Re: ZFS deadlocks triggered by HDD timeouts

From: Warner Losh <imp_at_bsdimp.com>
Date: Wed, 01 Dec 2021 20:36:58 UTC
On Wed, Dec 1, 2021 at 1:28 PM Alan Somers <asomers@freebsd.org> wrote:

> On Wed, Dec 1, 2021 at 11:25 AM Warner Losh <imp@bsdimp.com> wrote:
> >
> >
> >
> > On Wed, Dec 1, 2021, 11:16 AM Alan Somers <asomers@freebsd.org> wrote:
> >>
> >> On a stable/13 build from 16-Sep-2021 I see frequent ZFS deadlocks
> >> triggered by HDD timeouts.  The timeouts are probably caused by
> >> genuine hardware faults, but they didn't lead to deadlocks in
> >> 12.2-RELEASE or 13.0-RELEASE.  Unfortunately I don't have much
> >> additional information.  ZFS's stack traces aren't very informative,
> >> and dmesg doesn't show anything besides the usual information about
> >> the disk timeout.  I don't see anything obviously related in the
> >> commit history for that time range, either.
> >>
> >> Has anybody else observed this phenomenon?  Or does anybody have a
> >> good way to deliberately inject timeouts?  CAM makes it easy enough to
> >> inject an error, but not a timeout.  If it did, then I could bisect
> >> the problem.  As it is I can only reproduce it on production servers.
> >
> >
> > What SIM? Timeouts are tricky because they have many sources, some of
> which are nonlocal...
> >
> > Warner
>
> mpr(4)
>

Is this just a single drive that's acting up, or is the controller
initialized as part of the error recovery?
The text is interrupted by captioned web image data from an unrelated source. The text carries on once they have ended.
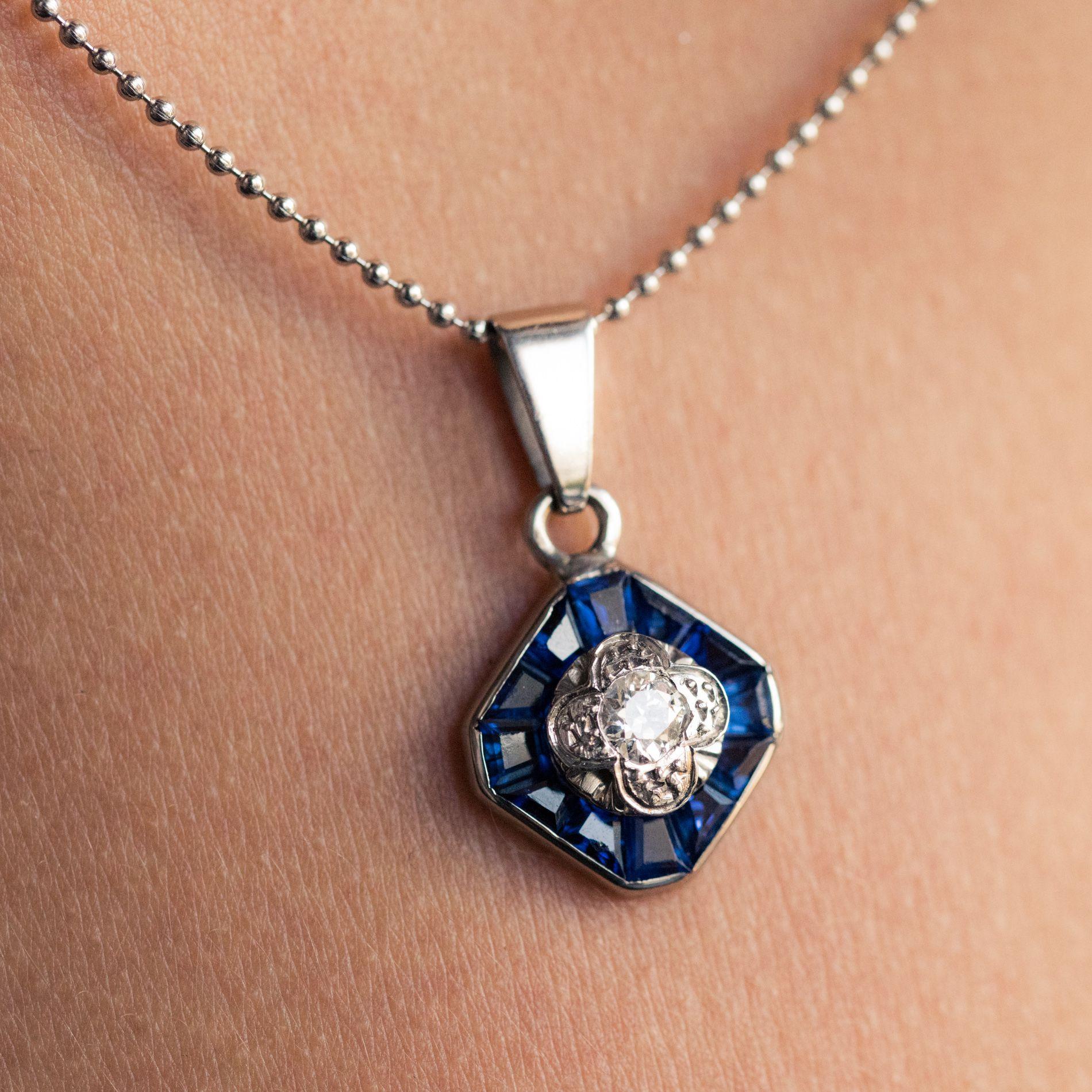 Cushion Cut Art Deco Calibrated Blue Gems and Diamond Pendant Necklace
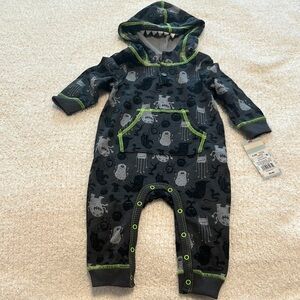 Cat & Jack Black and Gray Footies One Piece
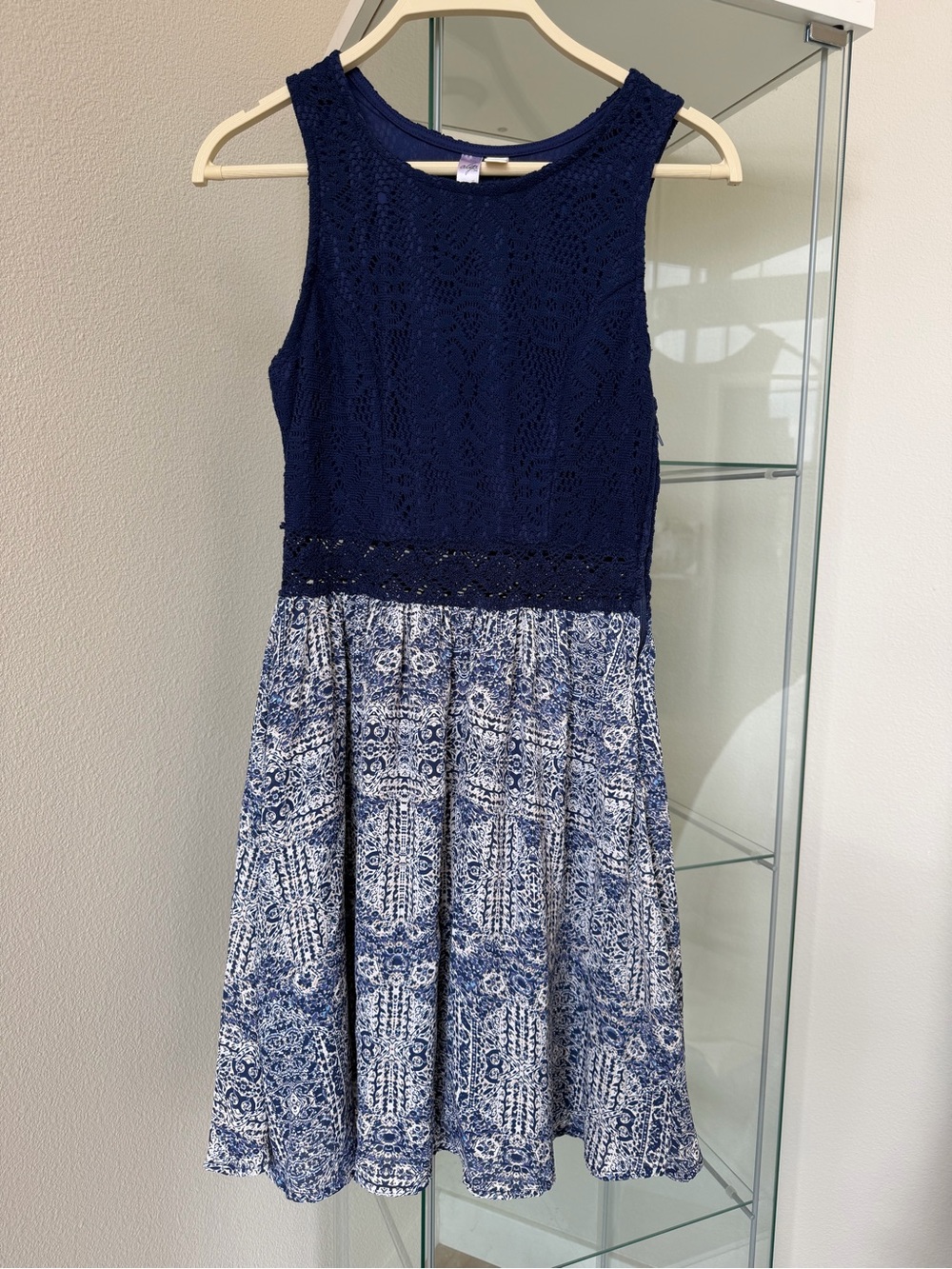 Alya Navy Crochet Bodice Blue Patterned Skater Dress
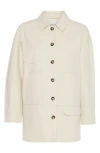 Ichi Oversize Canvas Jacket In Almond Milk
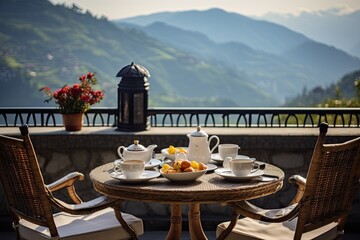 Breakfast with coffee and fresh pastries on the terrace overlooking the mountains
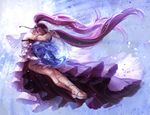  1girl absurdly_long_hair armband artist_name asterios_(fate/grand_order) aureolin31 bangs bare_shoulders bead_bracelet beads bracelet commentary_request crystal_ball cuffs dress euryale expressionless fate/grand_order fate/hollow_ataraxia fate_(series) floating_hair flower flying full_body hair_flower hair_ornament hair_over_one_eye hairband head_rest highres holding holding_weapon horns jewelry light light_rays lolita_hairband long_hair looking_at_viewer looking_to_the_side muscle open_mouth petals purple_dress purple_eyes purple_hair red_eyes ring shackles shirtless shoes sleeveless sleeveless_dress sphere star thigh_strap twintails very_long_hair weapon white_footwear white_hair wind 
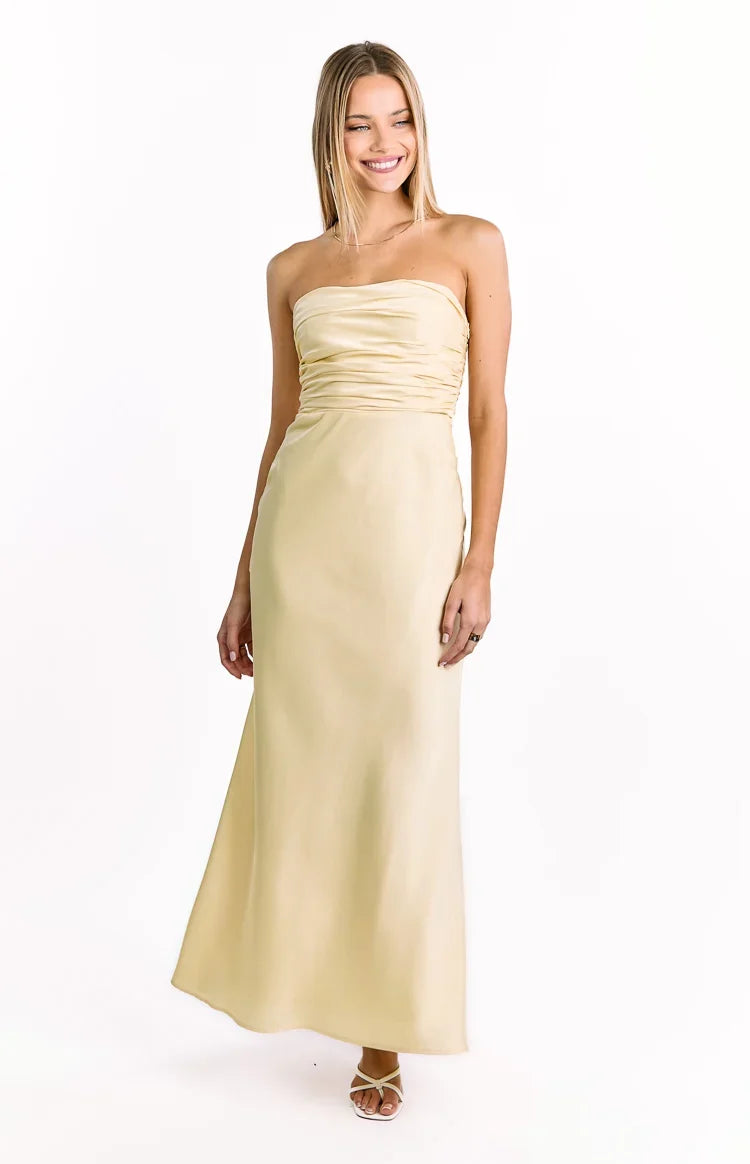 Alexia Yellow Strapless Maxi Dress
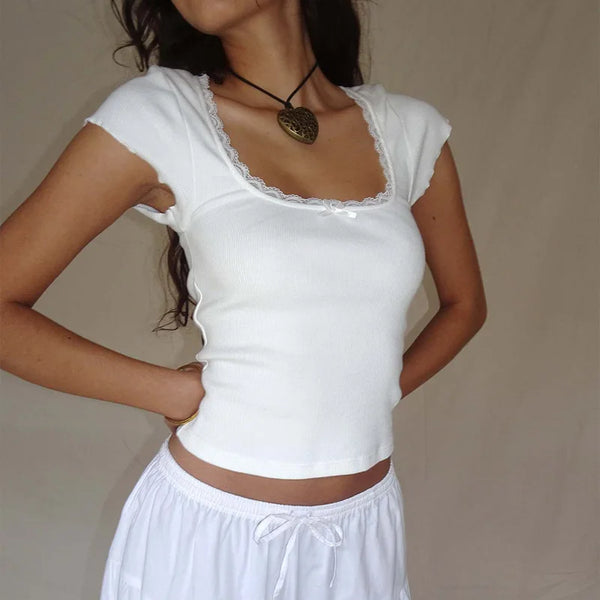 Maisie Lace-Trim Square-Neck Baby Tee One-piece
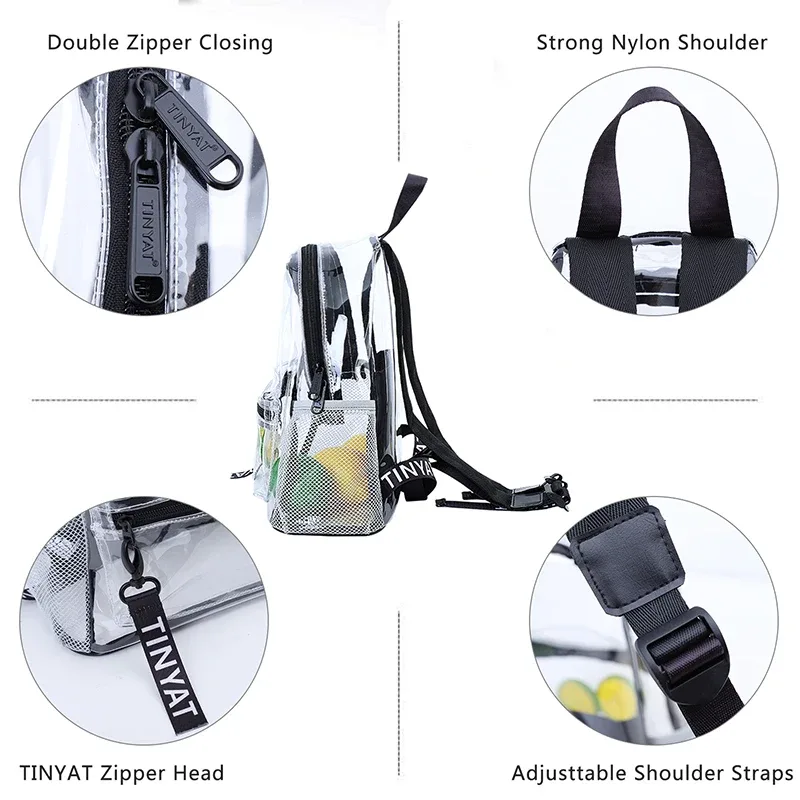 tinyat résistant transparent clair femmes sac à dos sport voyage école cahier sacs à dos grande capacité étudiant sac filles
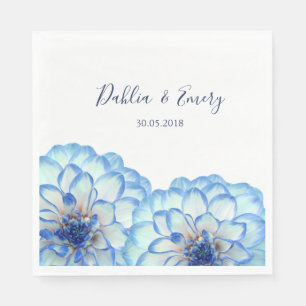 Serviette En Papier Fleurs Dahlia bleu blanc élégant mariage floral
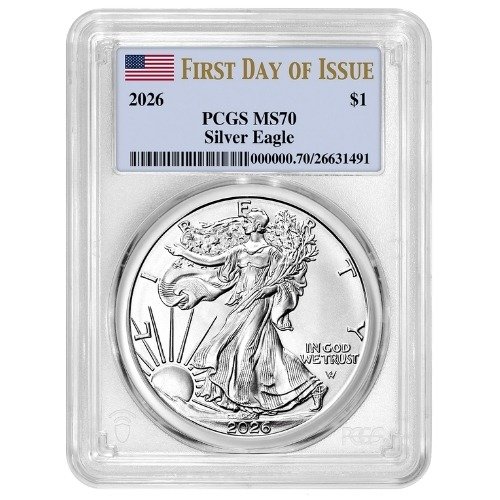 Sus26asepcgsms70fdoi 1 2026 Us Silver Eagle Pcgs Ms 70 First Day Of Issue 1 Oz Coin Front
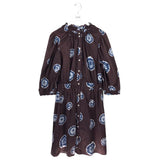 3/4 SLEEVE DESIGNER DRESS BROWN BLUE LARGE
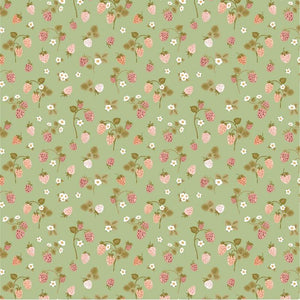 Poppie Cotton Promise Me Strawberry Bouquet Green  PM24602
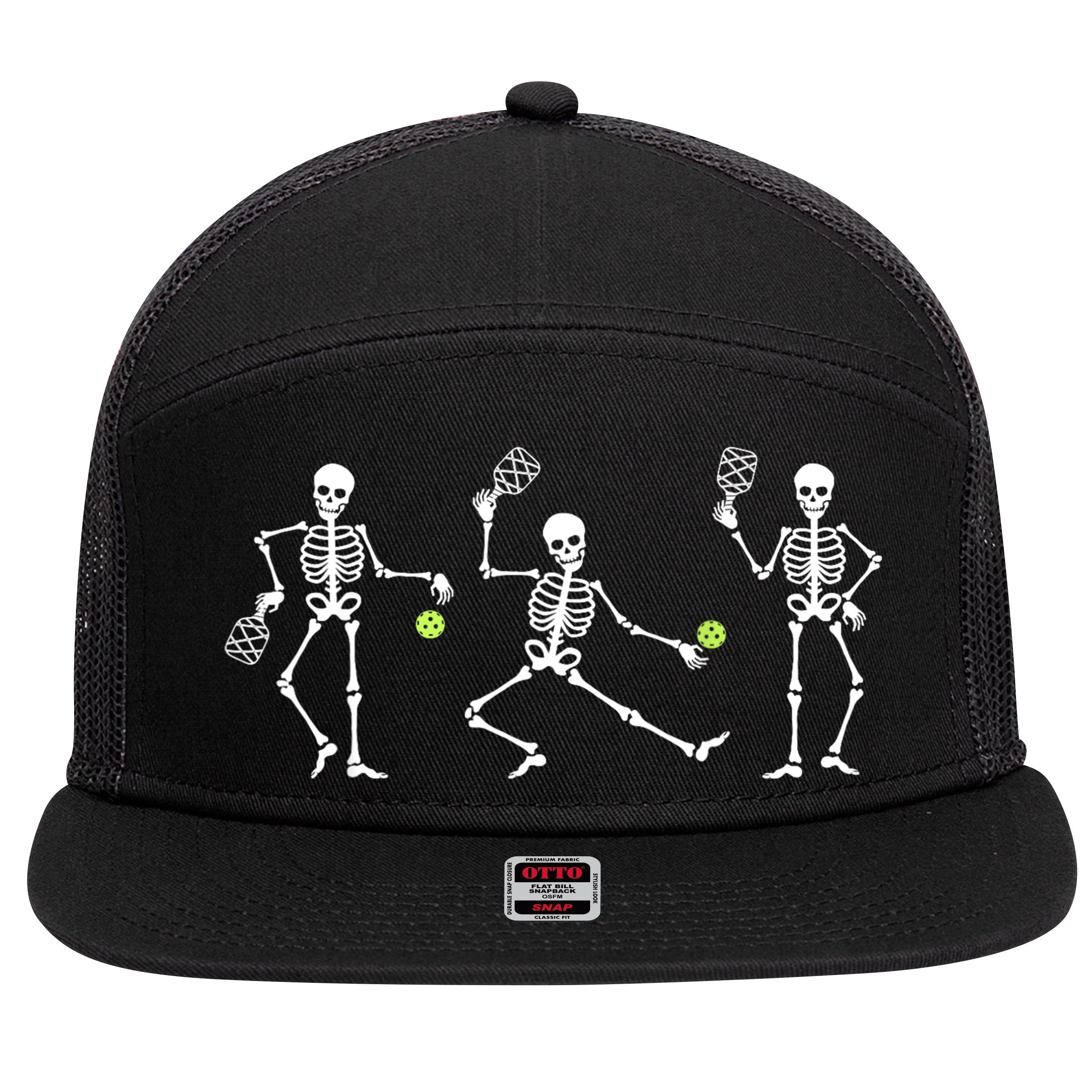 Halloween Pickleball Costume Skeletons Playing Pickleball 7 Panel Mesh Trucker Snapback Hat
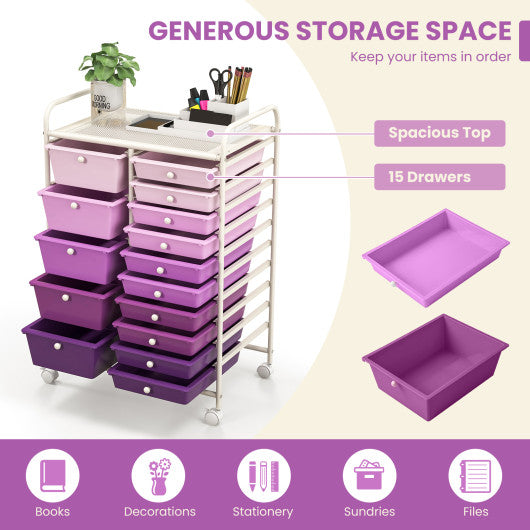 15-Drawer Utility Rolling Organizer Cart Multi-Use Storage-Purple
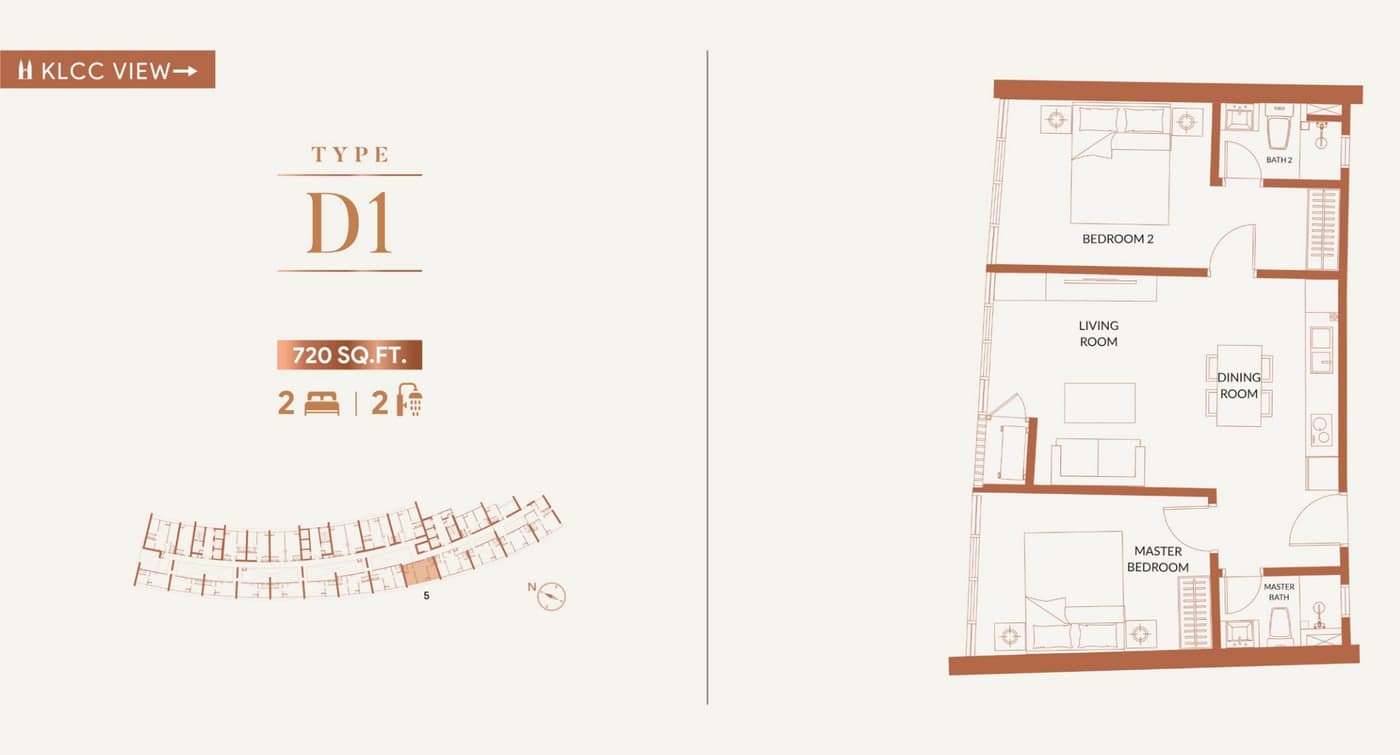 KL360 Type D1 floor plan — 720 sq ft, 2 bedrooms · 2 bathrooms, facing klcc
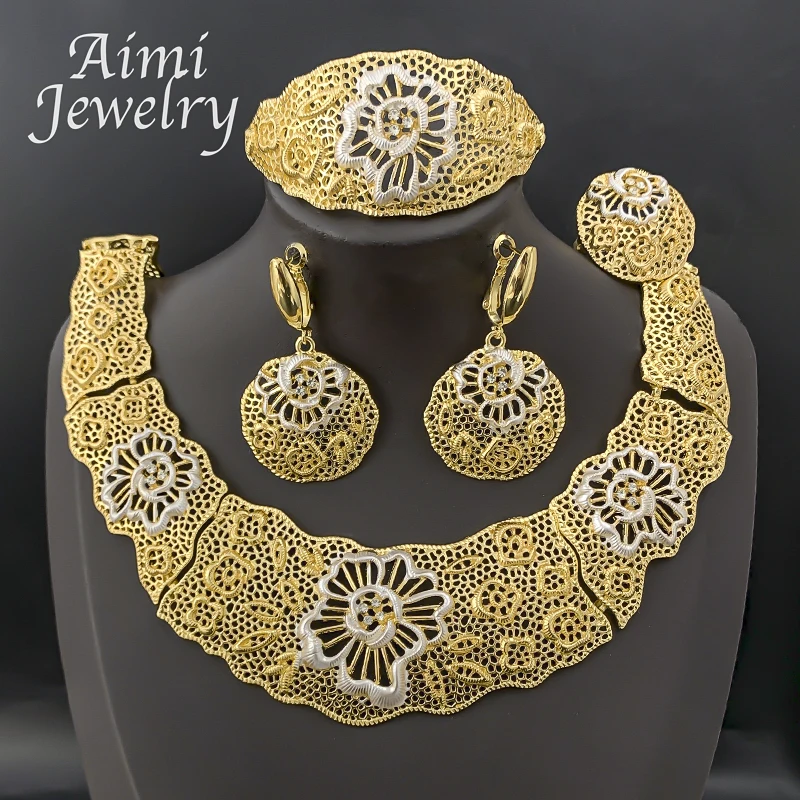 

Two Tones Hollow Chunky Choker Collar 4Pcs Jewelry Set for Women Necklace Earrings Bracelet Ring Bridal Wedding Party Gifts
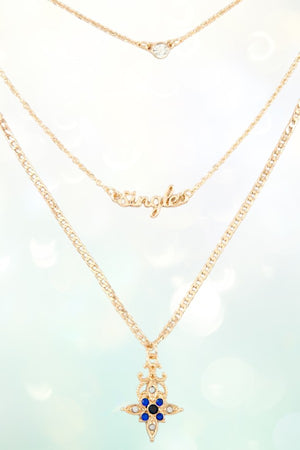 CRYSTAL GEM AND SINGLE ETCHED PENDANT NECKLACE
If a single drive,
are there multiple timeouts that happen at the same time such that we
timeout a request while we're waiting for
the abort command we send to the firmware to be acknowledged? Would you be
able to run a kgdb script to see
if you're hitting a situation that I fixed in mpr that would cause I/O to
never complete in this rather odd circumstance?
If you can, and if it is, then there's a change I can MFC :).

Warner